[Exercise input Boundary: Start]

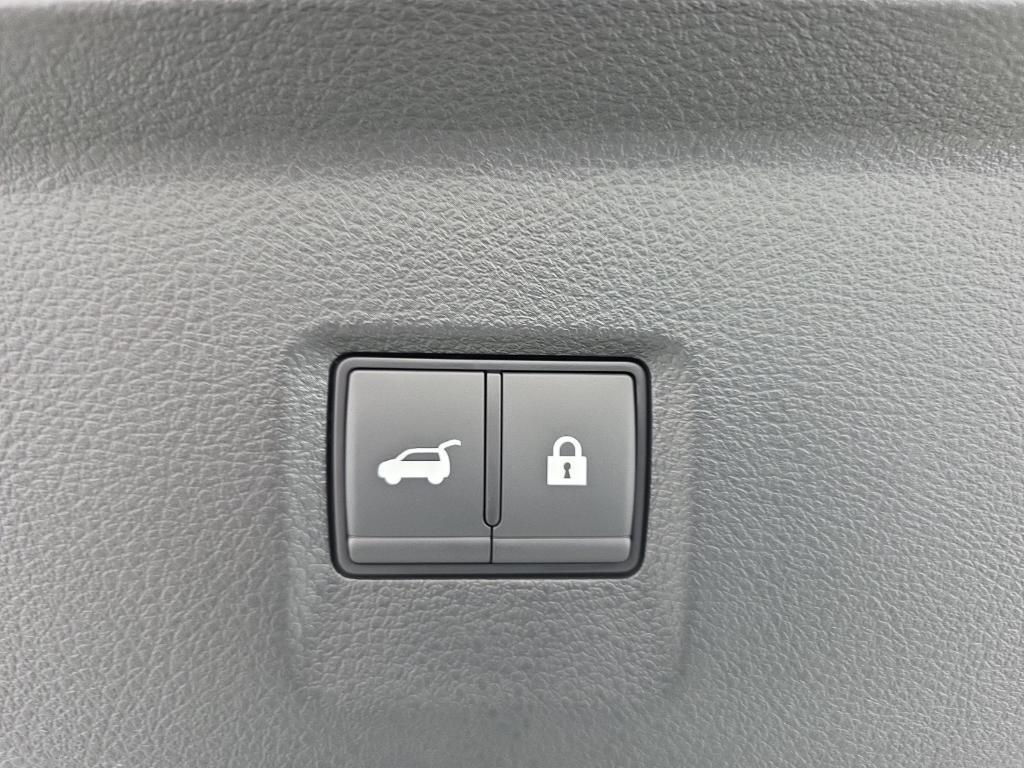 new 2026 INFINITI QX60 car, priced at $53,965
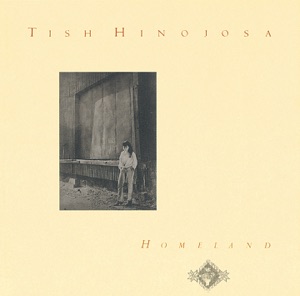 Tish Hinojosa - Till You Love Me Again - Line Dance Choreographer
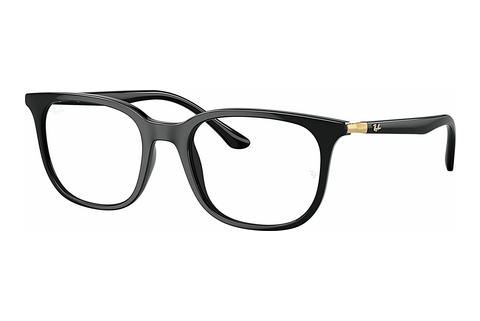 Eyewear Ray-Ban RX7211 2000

[Exercise input Boundary: End]
[Exercise input Boundary: Start]

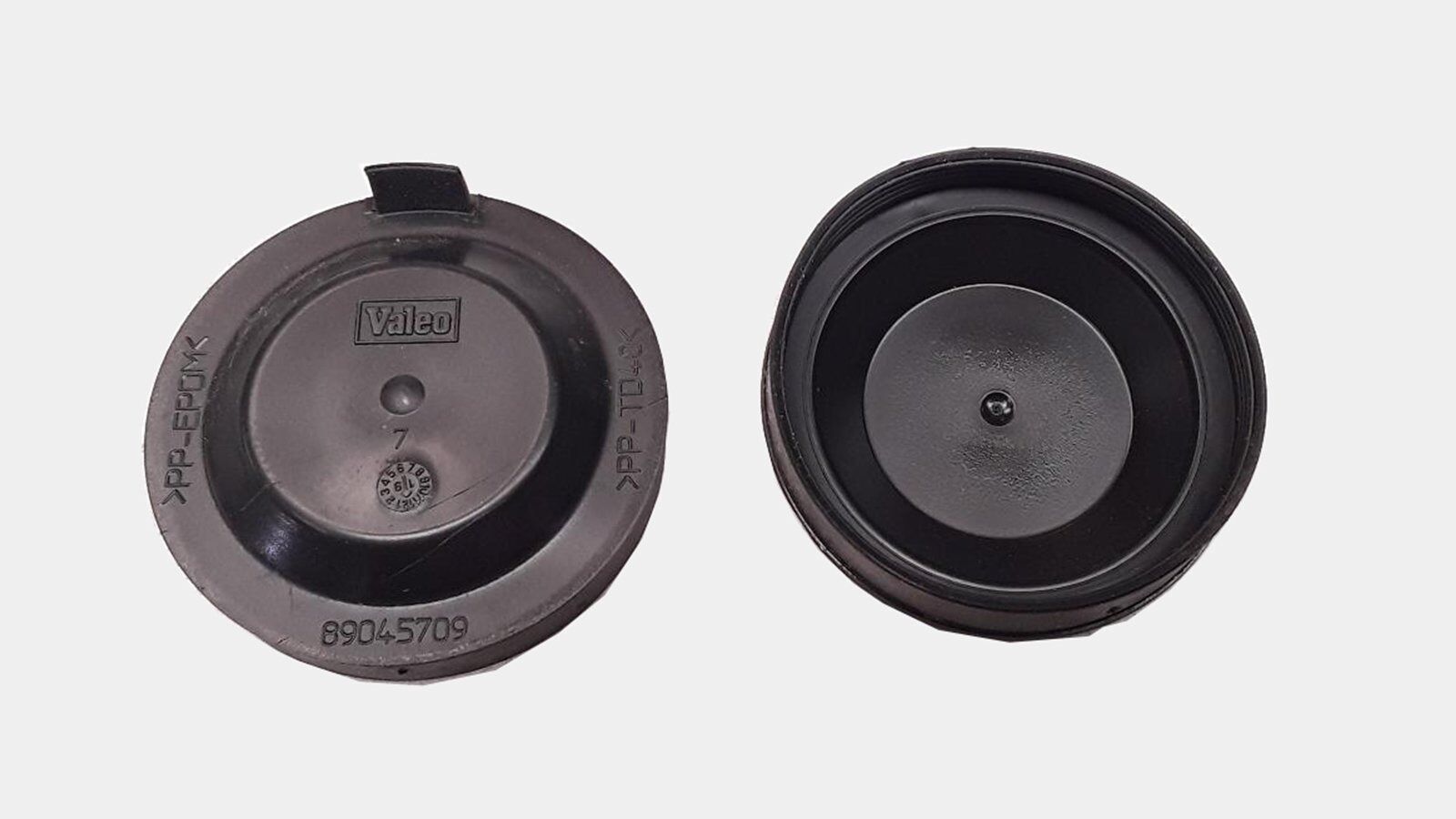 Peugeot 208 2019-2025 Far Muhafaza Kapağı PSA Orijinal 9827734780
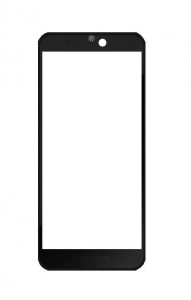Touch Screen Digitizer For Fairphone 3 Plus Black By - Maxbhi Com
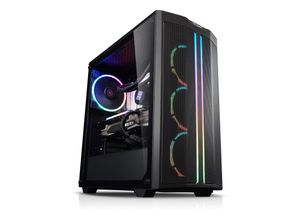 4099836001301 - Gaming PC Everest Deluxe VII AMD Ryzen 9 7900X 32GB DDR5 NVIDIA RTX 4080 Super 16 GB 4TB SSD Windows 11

[Exercise input Boundary: End]
[Exercise input Boundary: Start]

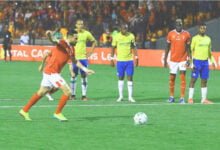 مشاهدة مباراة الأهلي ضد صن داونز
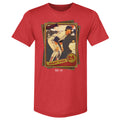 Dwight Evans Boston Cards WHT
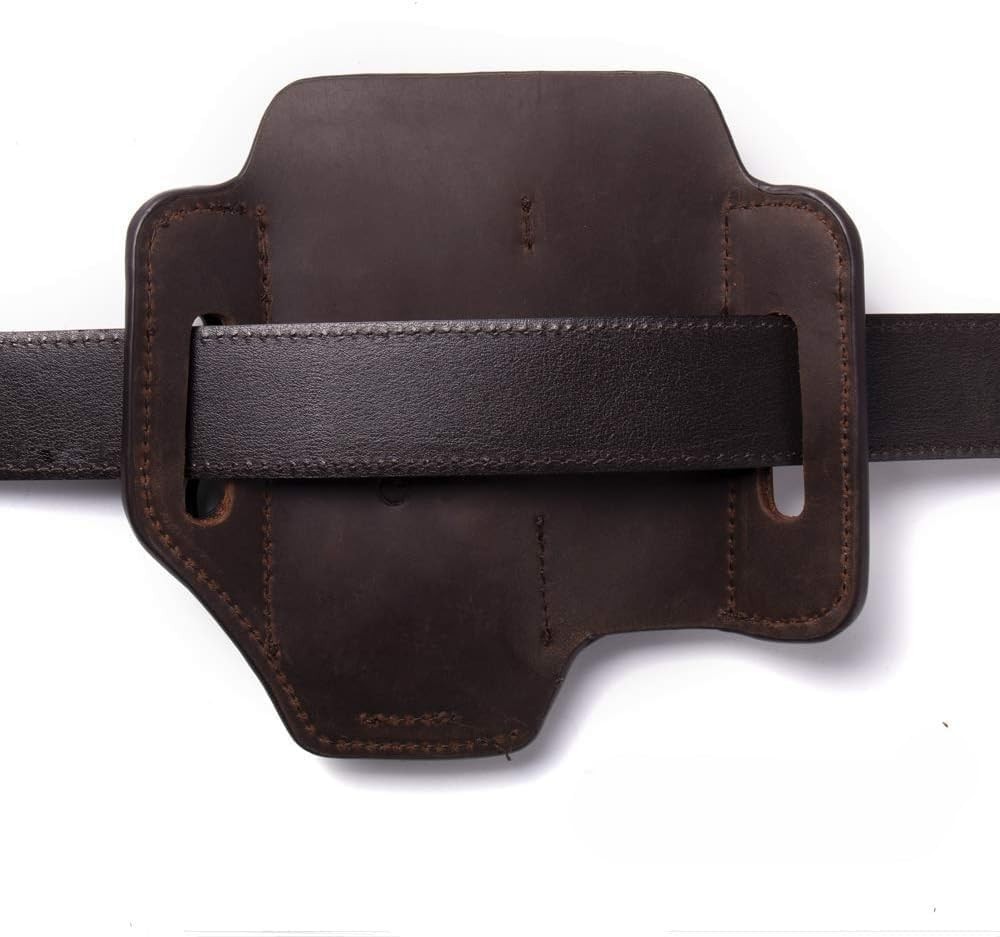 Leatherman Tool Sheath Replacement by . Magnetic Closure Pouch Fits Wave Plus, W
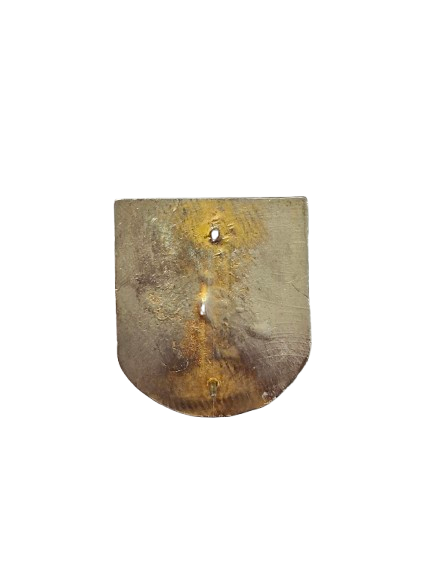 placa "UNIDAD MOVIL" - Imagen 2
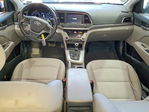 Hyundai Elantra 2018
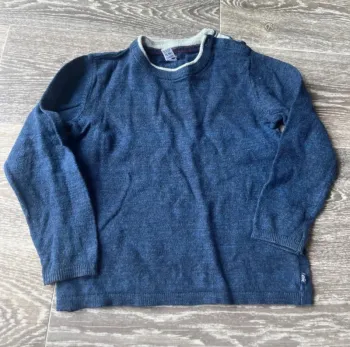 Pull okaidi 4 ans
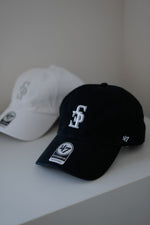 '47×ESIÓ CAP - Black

[Exercise input Boundary: End]

**Exercise brief**
Copy exactly the part of the material above that opens with the line containing "مشاهدة مباراة الأهلي ضد صن داونز" and closes with the line containing "CAP - Black", ends included. Drop the images.

**Solution to the exercise**
 مشاهدة مباراة الأهلي ضد صن داونز
 Dwight Evans Boston Cards WHT
 Leatherman Tool Sheath Replacement by . Magnetic Closure Pouch Fits Wave Plus, W
 placa "UNIDAD MOVIL" - Imagen 2
 Hyundai Elantra 2018
 Pull okaidi 4 ans
 '47×ESIÓ CAP - Black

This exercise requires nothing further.